=== Begin Enclosure ===

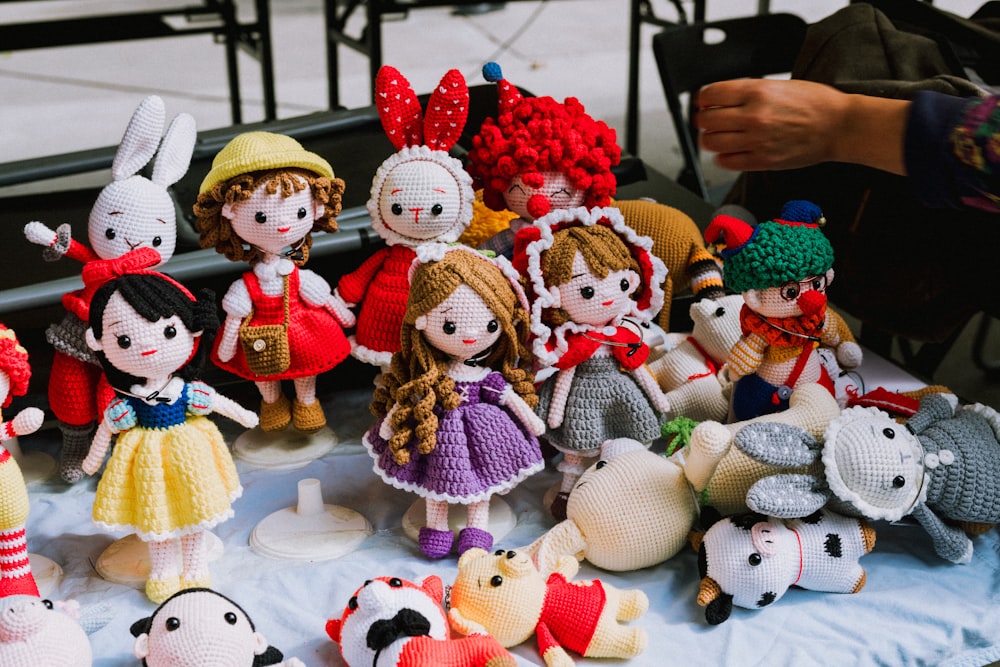 a group of knitted dolls sitting on top of a table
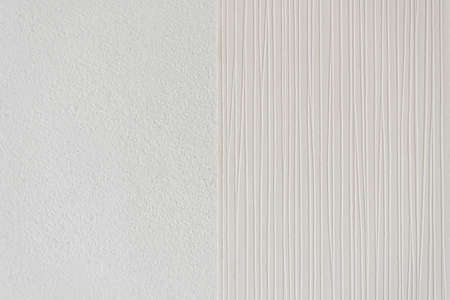Installing striped wallpaper on a concrete wall in the bedroom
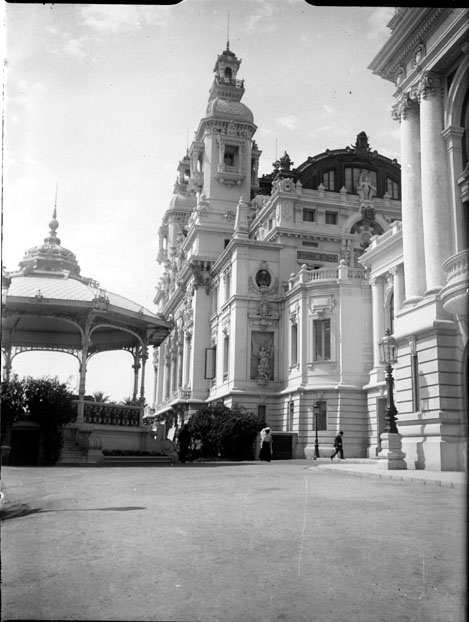 Здание казино Монте-Карло со стороны моря на старой чёрно-белой фотографии: башни, колонны и павильон слева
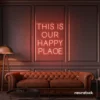 This Is Our Happy Place neon sign in peachy pink for home entryways, cozy rooms, and joyful wall decor.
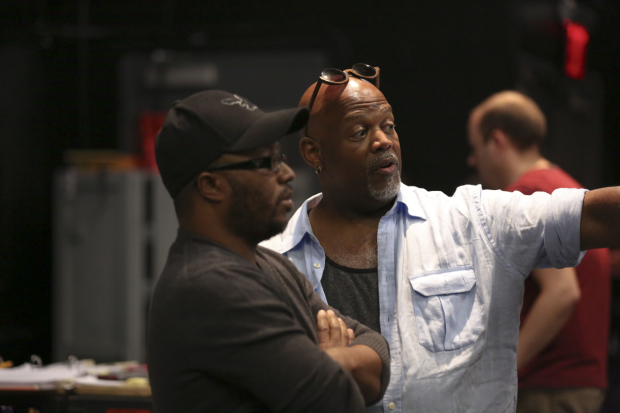 Playwright Robert O'Hara and director Kent Gash discuss a moment in rehearsal.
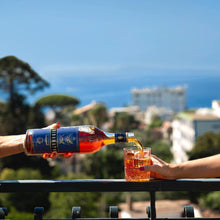 Load image into Gallery viewer, Person pouring a bottle of alcohol into a glass with a scenic background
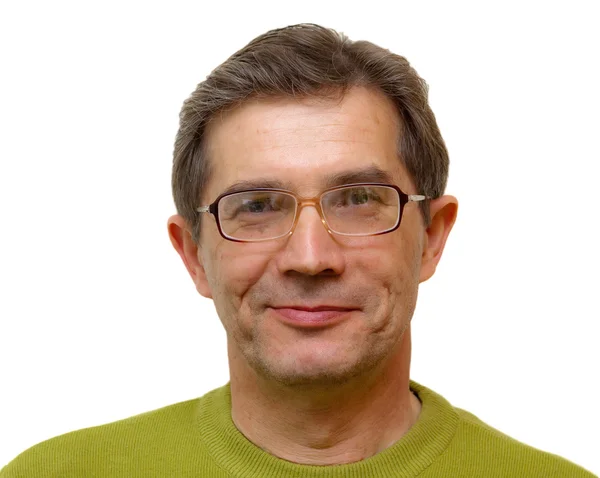 Ein lächelnder Mann auf weißem Hintergrund in grüner Jacke — Stockfoto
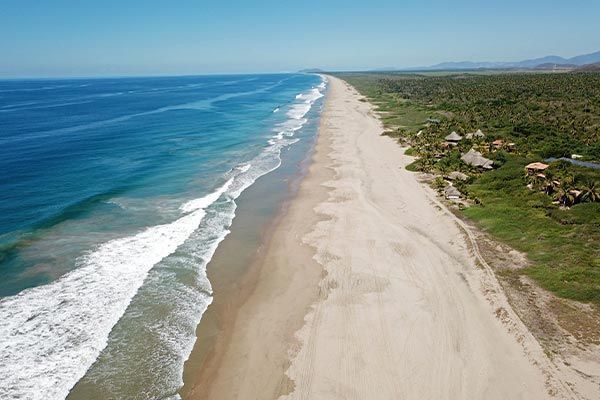 An aerial view of a long sandy beach next to the ocean.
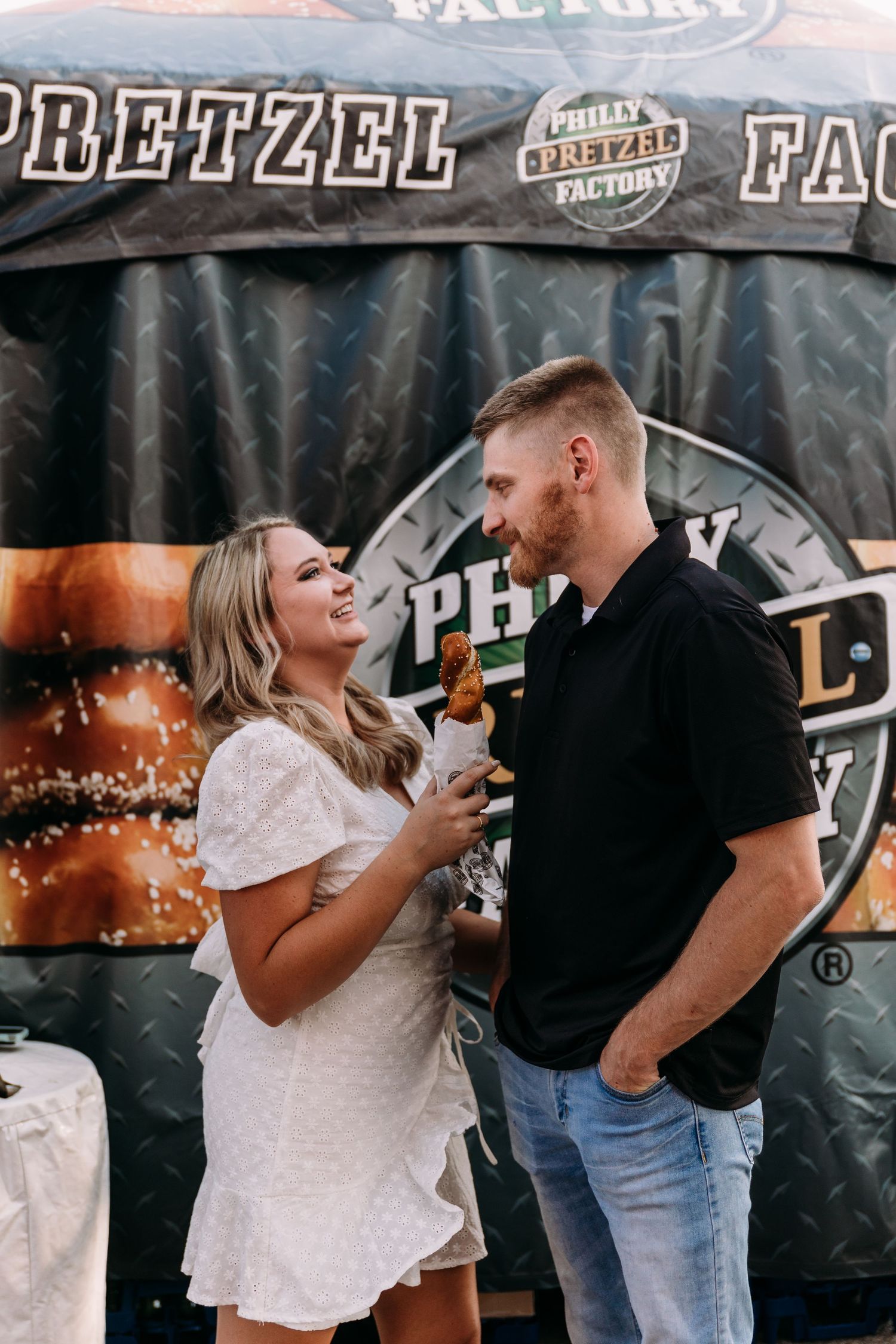 A couple sharing a laugh in front of a Pretzel Factory banner.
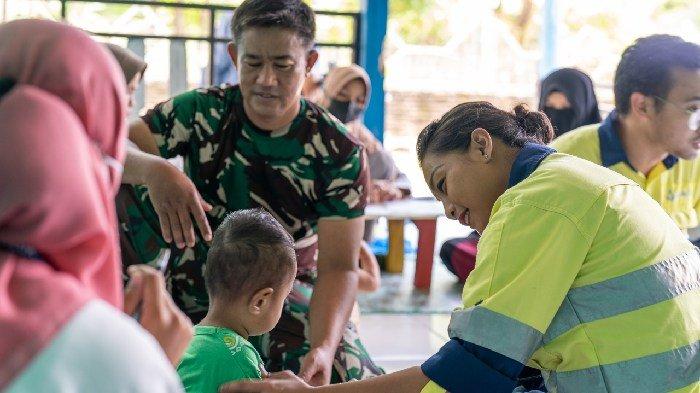 One of AMMAN's female employees checks the condition of a child in West Sumbawa Regency.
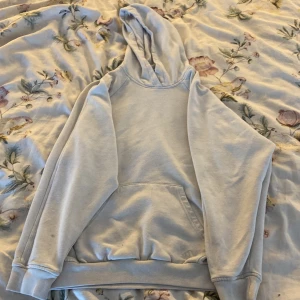 Ljusgrå hoodie från Adidas - Enkel och stilren ljusgrå hoodie från Adidas med broderad logga på fickan. Klassisk känguruficka, huva och långa ärmar. Perfekt för chill dagar eller när du vill ha en clean look. Mjuk och skön i bomullsmix. Liten fläck på högra armen.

=== End Enclosure ===

> [Exercise requirements]
What you hand back should match the listing exactly, except that no pictures appear.

> [Result]
 a group of knitted dolls sitting on top of a table
Installing striped wallpaper on a concrete wall in the bedroom
 Здание казино Монте-Карло со стороны моря на старой чёрно-белой фотографии: башни, колонны и павильон слева
 This Is Our Happy Place neon sign in peachy pink for home entryways, cozy rooms, and joyful wall decor.
 Playwright Robert O'Hara and director Kent Gash discuss a moment in rehearsal.
 Load image into Gallery viewer, Person pouring a bottle of alcohol into a glass with a scenic background
 Ein lächelnder Mann auf weißem Hintergrund in grüner Jacke — Stockfoto
 An aerial view of a long sandy beach next to the ocean.
 A couple sharing a laugh in front of a Pretzel Factory banner.
 One of AMMAN's female employees checks the condition of a child in West Sumbawa Regency.
 Ljusgrå hoodie från Adidas - Enkel och stilren ljusgrå hoodie från Adidas med broderad logga på fickan. Klassisk känguruficka, huva och långa ärmar. Perfekt för chill dagar eller när du vill ha en clean look. Mjuk och skön i bomullsmix. Liten fläck på högra armen.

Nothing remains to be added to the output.